二人は首を捻りながらまじまじと紙を見つめる。
「こいつはなんだ? 依頼の予定表に見えるが…… いっぺんにこんな沢山の依頼を受けたバカは一体誰なんだ? …… まさかそこのボウズか?」
ワレスと呼ばれた陽気なスキンヘッドの男の問いかけに、リリーナは微笑みを浮かべつつ「半分正解よ」と答える。彼女の落ち着いた声と微笑みは、何でもない返答を、途端に意味深に感じさせるから不思議だ。
「彼、ヨシュア君って名前なんだけど、ジークエンデさんに振り回されて困ってるらしいの。なんでも明日から一緒に依頼を受けてくれる人を探さないといけないのに、まだ全然人が集まってないらしくて。もし協力できそうなところがあるなら、彼に力を貸してあげてくれる?」
「まぁ、割と暇だからいいけどよぉ」
「…… いいんですか?」
あまりにもとんとん拍子に話が進んでいく。
嬉しい反面、少し戸惑いを隠せないでいた。
そんなヨシュアのきょとんとした表情を見て、男は大声で笑う。
「ガハハ! なんだその顔は!? そんなに今まで人が集まらなくて困ってたのか? 心配すんなよ! ボウズといっぺん仕事してみたかったからな。他の連中は…… まぁあんまりボウズのこと知らねーから、どんな反応するか分かんねーけどよ、まぁでも声を掛けたらすぐにでも集まるだろうよ」
「そういうものなんですか?」
「おおよ! なんたって片腕で傭兵やろうって奴だ。そりゃみんなボウズがどんな奴か、どんな戦いを見せるのか気になるだろうよ。なんたってこの街に来た初日に海賊を捕まえた後、翌日にはコルト諸島に乗り込んでデケー魔物相手に立ちまわって、そのあとアルルの嬢ちゃん背負って街をもの凄い速さで駆けまわったって聞いたぜ、受付のねーちゃんから。でもってミストの嬢ちゃんにこっぴどく叱られたってな」
男はそういってまたしても大きな声で笑う。
男に聞かされるまで、自分がそこまで話題になっているとは知らなかった。でも、気になるというのなら、もっと話しかけてくれてもいいのにと思い、疑問をそのまま男にぶつけてみる。

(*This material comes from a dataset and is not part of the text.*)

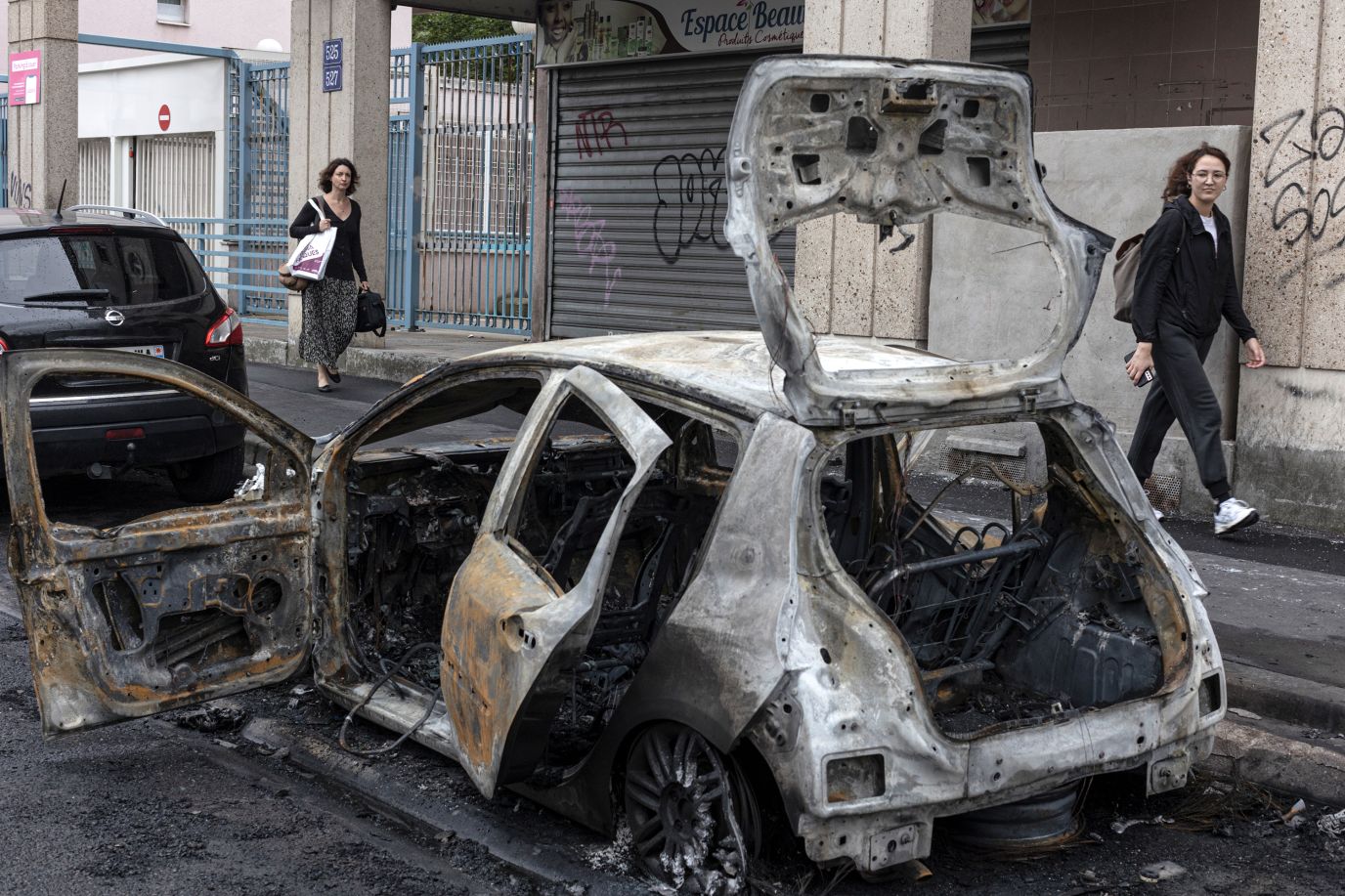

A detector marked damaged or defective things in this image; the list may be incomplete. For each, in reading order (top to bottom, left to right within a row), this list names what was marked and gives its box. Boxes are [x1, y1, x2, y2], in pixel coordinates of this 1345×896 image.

charred car door [1, 350, 315, 735]
charred car door [442, 365, 672, 797]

「その割には、皆あんまり話しかけてこなかったような……」
「まぁ確かにな。でもなー、やっぱりきっかけも無しに興味本位で話しかけるってのもなぁ。こっちだってその腕のことは気ぃ使うしな」
ヨシュアは男の話に納得する。
ヨシュア自身『片腕』であることを理由に同じような気持ちだったからだ。ようはお互い様というやつだった。
ジークに振り回されていることを良しとする気は全く無い。それでも、今朝マトと話して、もっと色んな人と関わってみたいと思っていたことも含めて、結果的にちょうどいいきっかけになったのかもしれない。
「────それにニアとライも近くにいたからなぁ」
いいように納得しようと考え込んでいたヨシュアの横で、男がぽつりと言った。
思わずそれはどういう意味かと聞き返す。
「ん? ああ、ボウズはニアとライが、ボウズと同じように最近この街に来たってこと知ってるのか?」
「はい、本人から聞きましたけど、それが?」
「いや、アイツらとは仕事の関係で少し話したことがあるんだが…… どうにもとっつきにくくてな。ボウズとはそうでもないのかもしれないが、特にニアはどこか人を寄せ付けないオーラがあるというか…… とにかく近寄りがたいんだよ。ああ、でも別に誰もアイツらのこと嫌ってるわけじゃないぜ。頼もしいとすら思ってるぐらいだ」
男は少し言葉を選びながらヨシュアの疑問に答えた。どうやら自分があまり話しかけられなかったのは、ニアたちと行動を共にすることが多かったのも原因だったようだ。
ヨシュアの知るニアと、男たちが語るニアの印象が違うことが少し気にかかる……
だが、今は目の前の依頼の予定表を埋めるのが先決だ。
ヨシュアはアレンとリリーナ、そして後から来た二人に「どうか依頼の予定表を埋めることに協力してください」と今一度頭を下げるのだった。